Shut Down Kaesong, South Korea

The industrial area shared with the North is a source of hard currency for a nation that threatens it.

There are many ways to characterize the North Korean government. Chutzpah and ungrateful come to mind. Especially regarding the South Korean-financed Kaesong Industrial Complex. The North has suspended operations there; Seoul should close the zone.

Construction on Kaesong commenced a decade ago. It was part of the so-called Sunshine Policy, an attempt by the Republic of Korea to bribe Pyongyang into behaving better. The ROK government provided money, food, and fertilizer. South Korean companies provided investments, salaries, and goods. There was nothing wrong with the idea in principle. After decades of a fighting a cold war sometimes turned hot, Seoul hoped to encourage detente with its northern antagonist.

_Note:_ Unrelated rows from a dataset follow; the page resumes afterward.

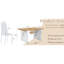 Table de salle à manger pour 4 personnes, table 55 po x 31,5 po, texture bois, chaises blanches, coussins antidérapants grain naturel avec éponge confortable en forme de losange de style moderne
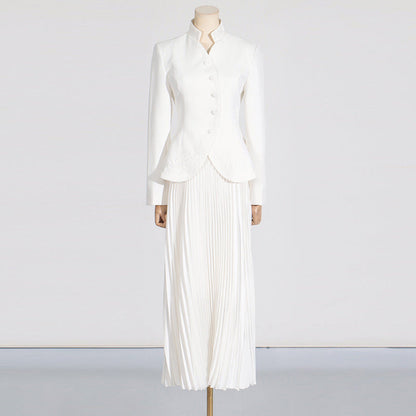 Fashionable Elegant High End Embroidered Stand Collar Single Breasted Top Pleated High Waist Skirt Sets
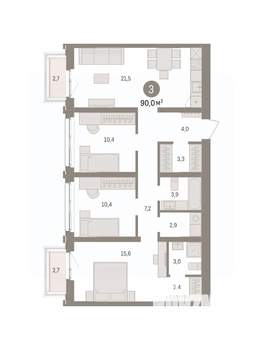 3-к квартира, вторичка, 90м2, 6/8 этаж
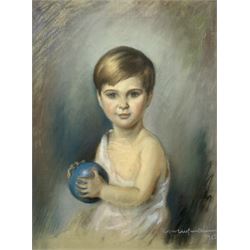 Austrian School (early 20th century): Portrait of 'Susanne Williams', pastel signed indistinctly dated 1928, 64cm x 48cm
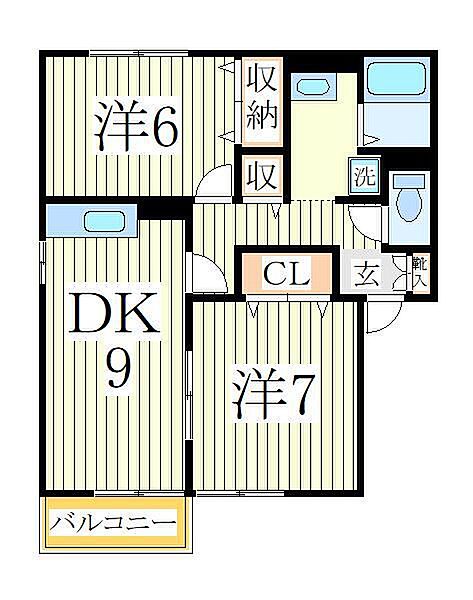 アミュゼ若柴Ｂ ｜千葉県柏市若柴(賃貸アパート2DK・1階・55.20㎡)の写真 その2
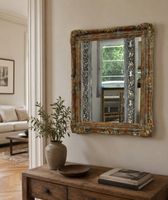 Vintage-Wandspiegel 76 × 66 cm mit zeitlosem Holzrahmen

Unfortunately, the policy failed. Although bilateral trade hit a record last year of almost $2 billion, political relations have cratered. With the so-called Democratic People’s Republic of Korea apparently determined to make normal ties between the two Koreas impossible, the ROK should demonstrate that it, too, can play tough. In Kaesong, Seoul should bring its nationals home, shutter its factories, and cut off its funds. No more cash while the DPRK threatens to incinerate its benefactor.

Dancing To Kim’s Tune

Hopes were high for KIC when it opened in December 2004. Southern firms spent some $845 million on the facility, in which 123 companies now employ fifty-three thousand North Koreans. However, original plans envisioned adding hundreds of additional enterprises and ultimately employing seven hundred thousand people, around 3 percent of the North’s population. Even today Pyongyang collects tens of millions of dollars in taxes, rents and salaries. The latter alone runs $90 million annually.

The DPRK never has been a good host. Four years ago it unilaterally scrapped rent and wage agreements, demanding massive increases, and briefly prevented South Koreans from leaving. After a North Korean minisub sank an ROK naval vessel in 2010, the North closed KIC’s Consultative Office. Earlier this month Pyongyang barred access to South Koreans, which forced some companies to stop operations. Then the Kim Jong-un government kept its workers home, closing the rest of the factories.

The North claimed that it “gets few economic benefits from the zone, while the South side largely benefits from it.” Pyongyang announced plans to “examine the issue whether it will allow [KIC’s] existence or close it.” Indeed, the facility would “cease to exist should the Park Geun-hye regime continue pursuing confrontation.” However, the betting is that the North soon will restart operations as part of its larger diplomatic game. In fact, The Nelson Report was told that Pyongyang informed its workers “to expect the situation to return to normal in just a few days.”

By suspending activity, Kim & Co. managed to use an investment that overwhelmingly benefits the ruling elite to put pressure on the South. Yet the impoverished state, though angered by South Korean media speculation that it could not afford to close the zone, really can’t afford to close the zone. The regime desperately needs as much hard currency as it can get.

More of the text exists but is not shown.